### Task instructions
Copy every record below exactly as it stands.
━━━ Task inputs ━━━
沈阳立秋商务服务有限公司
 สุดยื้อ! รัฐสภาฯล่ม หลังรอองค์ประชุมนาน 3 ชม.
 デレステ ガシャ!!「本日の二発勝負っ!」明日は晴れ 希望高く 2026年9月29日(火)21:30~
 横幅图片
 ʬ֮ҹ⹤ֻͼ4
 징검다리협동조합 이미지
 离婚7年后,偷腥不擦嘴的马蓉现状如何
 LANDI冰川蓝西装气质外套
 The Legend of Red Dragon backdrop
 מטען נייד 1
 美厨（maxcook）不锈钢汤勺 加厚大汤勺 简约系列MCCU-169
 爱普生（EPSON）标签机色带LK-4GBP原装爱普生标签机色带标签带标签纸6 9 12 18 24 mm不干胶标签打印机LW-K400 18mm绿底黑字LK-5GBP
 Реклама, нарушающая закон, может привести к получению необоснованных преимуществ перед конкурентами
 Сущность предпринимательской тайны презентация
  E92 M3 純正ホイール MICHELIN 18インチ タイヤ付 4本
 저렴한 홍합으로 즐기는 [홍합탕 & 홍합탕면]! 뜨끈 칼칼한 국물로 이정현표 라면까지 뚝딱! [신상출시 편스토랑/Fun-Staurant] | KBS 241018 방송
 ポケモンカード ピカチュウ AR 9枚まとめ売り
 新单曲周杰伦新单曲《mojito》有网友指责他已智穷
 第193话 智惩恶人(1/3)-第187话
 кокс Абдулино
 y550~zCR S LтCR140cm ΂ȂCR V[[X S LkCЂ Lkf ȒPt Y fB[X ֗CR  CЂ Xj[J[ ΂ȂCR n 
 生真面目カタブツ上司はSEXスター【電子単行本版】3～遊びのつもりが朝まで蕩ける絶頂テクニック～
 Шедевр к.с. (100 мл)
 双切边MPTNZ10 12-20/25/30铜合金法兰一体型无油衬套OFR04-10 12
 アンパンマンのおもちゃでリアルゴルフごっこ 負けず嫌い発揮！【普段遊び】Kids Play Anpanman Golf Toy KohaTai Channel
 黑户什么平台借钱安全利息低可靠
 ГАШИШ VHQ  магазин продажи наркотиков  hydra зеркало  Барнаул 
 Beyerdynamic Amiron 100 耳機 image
━━━
### Result for this exercise
沈阳立秋商务服务有限公司
 สุดยื้อ! รัฐสภาฯล่ม หลังรอองค์ประชุมนาน 3 ชม.
 デレステ ガシャ!!「本日の二発勝負っ!」明日は晴れ 希望高く 2026年9月29日(火)21:30~
 横幅图片
 ʬ֮ҹ⹤ֻͼ4
 징검다리협동조합 이미지
 离婚7年后,偷腥不擦嘴的马蓉现状如何
 LANDI冰川蓝西装气质外套
 The Legend of Red Dragon backdrop
 מטען נייד 1
 美厨（maxcook）不锈钢汤勺 加厚大汤勺 简约系列MCCU-169
 爱普生（EPSON）标签机色带LK-4GBP原装爱普生标签机色带标签带标签纸6 9 12 18 24 mm不干胶标签打印机LW-K400 18mm绿底黑字LK-5GBP
 Реклама, нарушающая закон, может привести к получению необоснованных преимуществ перед конкурентами
 Сущность предпринимательской тайны презентация
  E92 M3 純正ホイール MICHELIN 18インチ タイヤ付 4本
 저렴한 홍합으로 즐기는 [홍합탕 & 홍합탕면]! 뜨끈 칼칼한 국물로 이정현표 라면까지 뚝딱! [신상출시 편스토랑/Fun-Staurant] | KBS 241018 방송
 ポケモンカード ピカチュウ AR 9枚まとめ売り
 新单曲周杰伦新单曲《mojito》有网友指责他已智穷
 第193话 智惩恶人(1/3)-第187话
 кокс Абдулино
 y550~zCR S LтCR140cm ΂ȂCR V[[X S LkCЂ Lkf ȒPt Y fB[X ֗CR  CЂ Xj[J[ ΂ȂCR n 
 生真面目カタブツ上司はSEXスター【電子単行本版】3～遊びのつもりが朝まで蕩ける絶頂テクニック～
 Шедевр к.с. (100 мл)
 双切边MPTNZ10 12-20/25/30铜合金法兰一体型无油衬套OFR04-10 12
 アンパンマンのおもちゃでリアルゴルフごっこ 負けず嫌い発揮！【普段遊び】Kids Play Anpanman Golf Toy KohaTai Channel
 黑户什么平台借钱安全利息低可靠
 ГАШИШ VHQ  магазин продажи наркотиков  hydra зеркало  Барнаул 
 Beyerdynamic Amiron 100 耳機 image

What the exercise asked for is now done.